Anche se l’indice del contagio in alcune regioni d’Italia è risalito, la situazione è ancora sotto controllo. E per questo la Lega di Serie A sta pensando a una parziale riapertura degli stadi. Non sarà facile trovare l’accordo con il governo e il Comitato Tecnico Scientifico, ma le società di calcio vogliono riaprire gli stadi ai tifosi, naturalmente con una serie di limitazioni.

La Lega Serie A vuole riaprire gli stadi

Secondo quanto riporta ‘La Gazzetta dello Sport’, la Lega sta pensando a un nuovo protocollo, che questa volta non ha come tema principali le disposizioni di sicurezza per calciatori, allenatori e staff tecnici, ma riguarda invece i tifosi. I dirigenti vorrebbero chiudere il campionato con i tifosi sugli spalti. Non è facile, anche perché si termina tra tre settimane. L’idea è quella di inviare materialmente la proposta alla Federazione, che dovrà valutare il documento e poi, a sua volta, passarlo al governo.

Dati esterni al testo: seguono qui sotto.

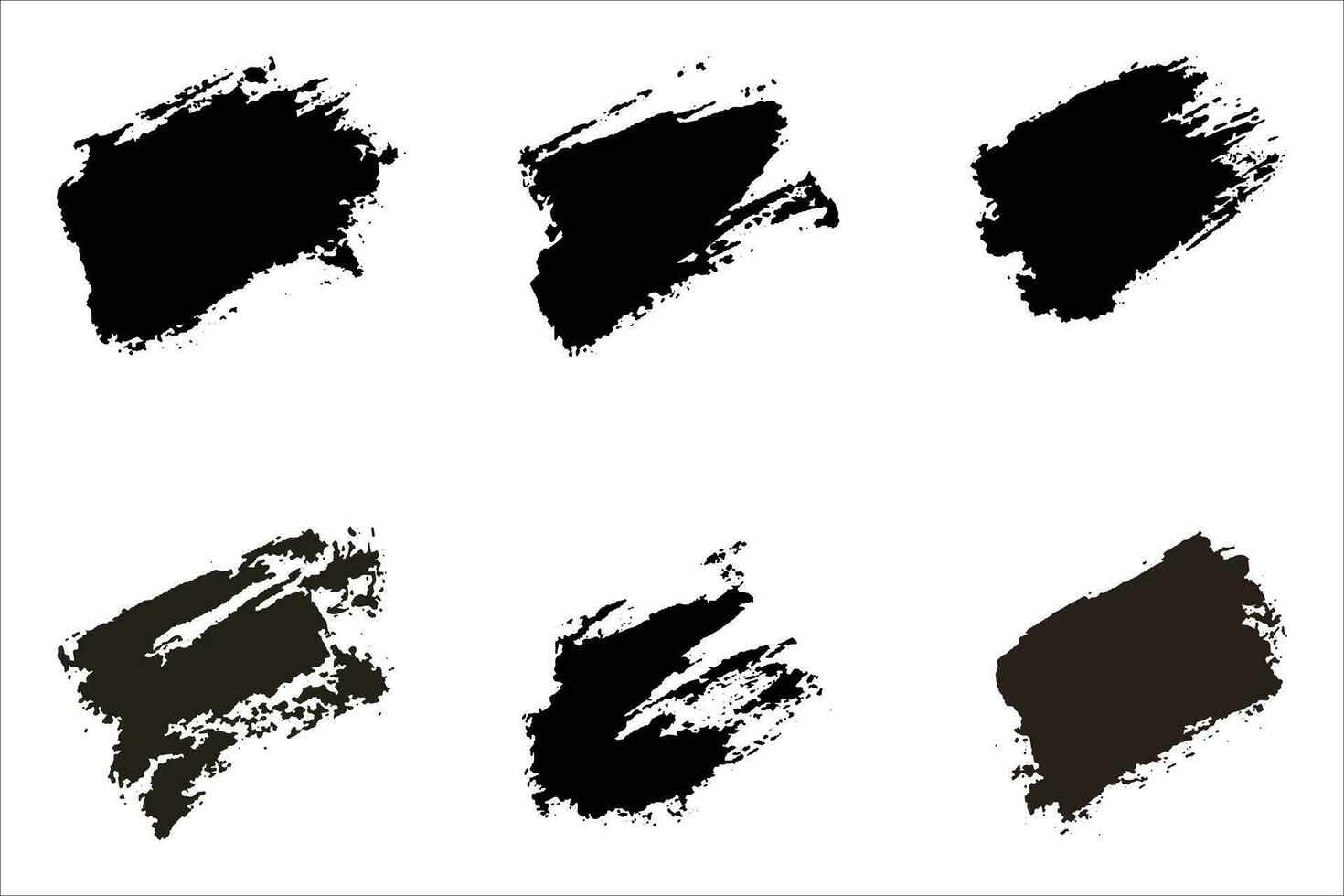 Colorful brush strokes, dirty brush effect, grungy brush stroke set vector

Sarà una lunga lettura perché il documento è da oltre duecento pagine. Ovviamente la base di tutto è la tutela della salute dei cittadini che assisterebbero agli incontri di calcio.

Il governo valuterà la proposta della Lega

Il piano della Lega di Serie A non è unitario. Perché ogni stadio ha una capienza diversa e ogni regione vive una situazione differente a livello di contagio. E a ogni singolo impianto è dedicata una singola relazione, tenendo presente non solo la capienza, ma anche l’esterno della struttura, perché il problema si può creare dagli assembramenti pre e post-partita. L’idea in generale è quella di riaprire gli stadi solo per un terzo. Il governo dovrà vagliare con attenzione la proposta e in base anche ai numeri del contagio. Sembra più probabile che questa mossa della Lega sia fatta in vista della prossima stagione, che prenderà il via a settembre.